Egil Olsen, Manajer Norwegia dalam Piala Dunia 1998 di Prancis, mungkin bisa jadi contoh orang yang paling meyakini hasil pertandingan bola sebenarnya bisa diatur. Dia dijuluki “Sang Profesor” karena pendekatannya pada strategi permainan sepak bola yang sistematis dan menekankan pada statistik.
Resep kemenangannya sederhana, alirkan bola ke depan gawang lawan secepatnya pada serangan balik, dan tempatkan pemain dengan tinggi badan di atas rata-rata untuk menyambut umpan tarik di garis pertahanan musuh. Berdasarkan data yang diolah dari ribuan pertandingan, kata Olsen, metode ini hampir pasti menghasilkan gol.
Di bawah kendali Olsen, selama 1990-1998, Norwegia menjelma menjadi tim yang menakutkan. Di Prancis, mereka melaju ke babak kedua setelah mengalahkan juara bertahan Brasil. Meski kemudian kalah tipis dari Italia, Olsen membuktikan bahwa bola tidaklah selamanya bundar.
Ada bukti lain lagi, sepanjang 19 kali penyelenggaraan Piala Dunia, hanya ada delapan tim yang pernah menjadi juara. Ini fakta sejarah. Puluhan tim lain, datang dan pergi, tanpa pernah menyentuh trofi Piala Dunia yang termasyhur itu. Dengan kata lain, para peramal itu bisa jadi benar.
Lalu, bagaimana menjelaskan penampilan mencengangkan Korea Selatan yang menembus semifinal Piala Dunia 2002? Atau Kamerun yang lolos sampai perempat final Piala Dunia 1990? Bagaimana dengan Kosta Rika yang pekan lalu mengalahkan Italia dan Uruguay sekaligus?
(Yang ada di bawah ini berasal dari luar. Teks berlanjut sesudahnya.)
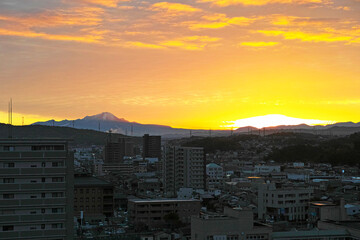 松江市から見た日の出前の出雲富士　大山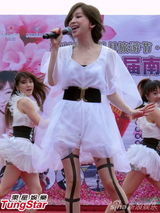 组图：王心凌穿白色薄纱裙演绎丝袜诱惑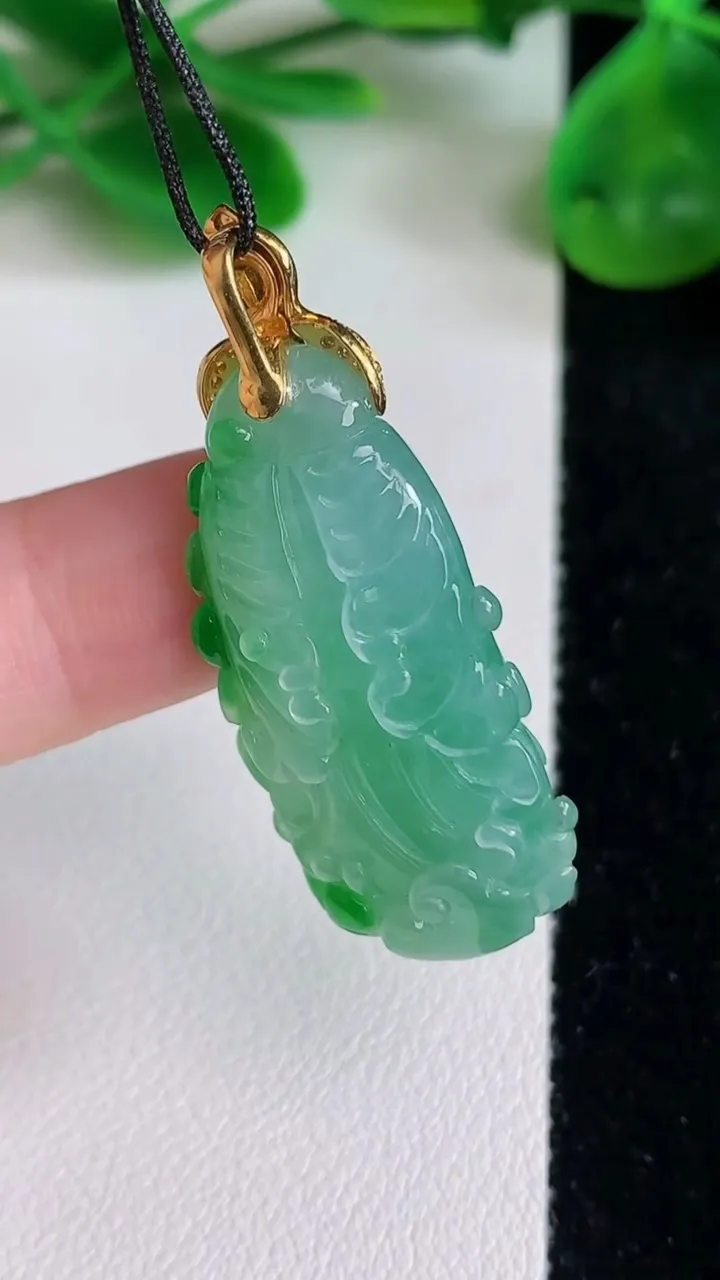天然A货翡翠白菜吊坠，尺寸33.7-17.2-11.8，重量:10.12g
6月22日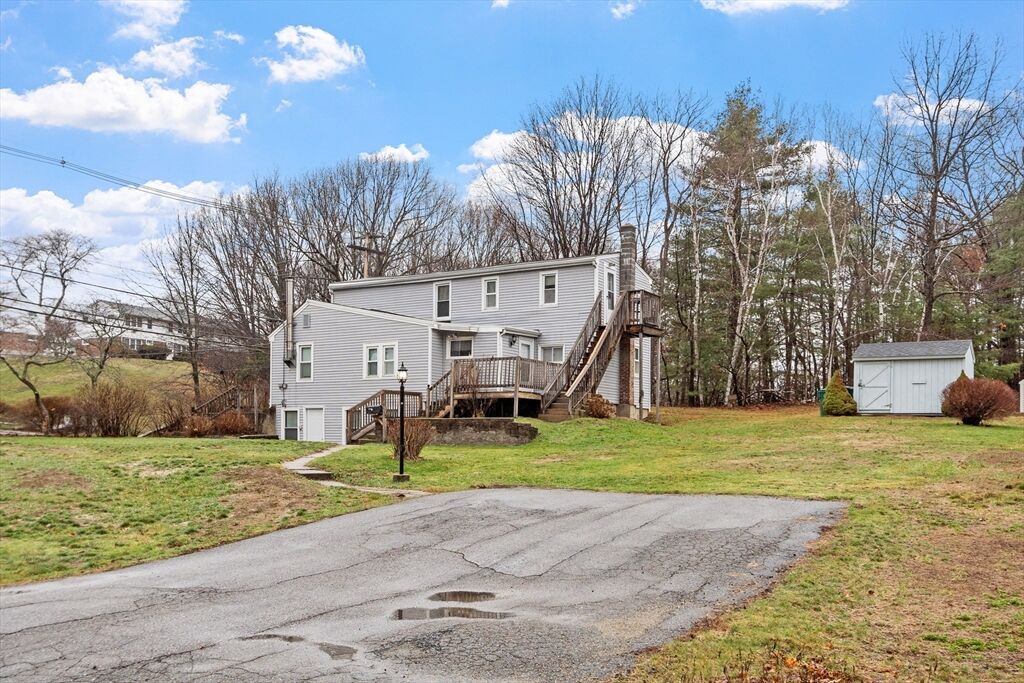 Property Photo:  160 Wanoosnoc Rd  MA 01420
Penulis dan filsuf, Nassim Nicholas Thaleb, menyebutkan bahwa insiden-insiden tak wajar itu sebagai “black swan” alias angsa hitam. Kemunculannya tak bisa diprediksi sejarah karena begitu jarang dan tak terduga. Tak ada yang bisa meramalkan angsa hitam, tak juga Paul si gurita.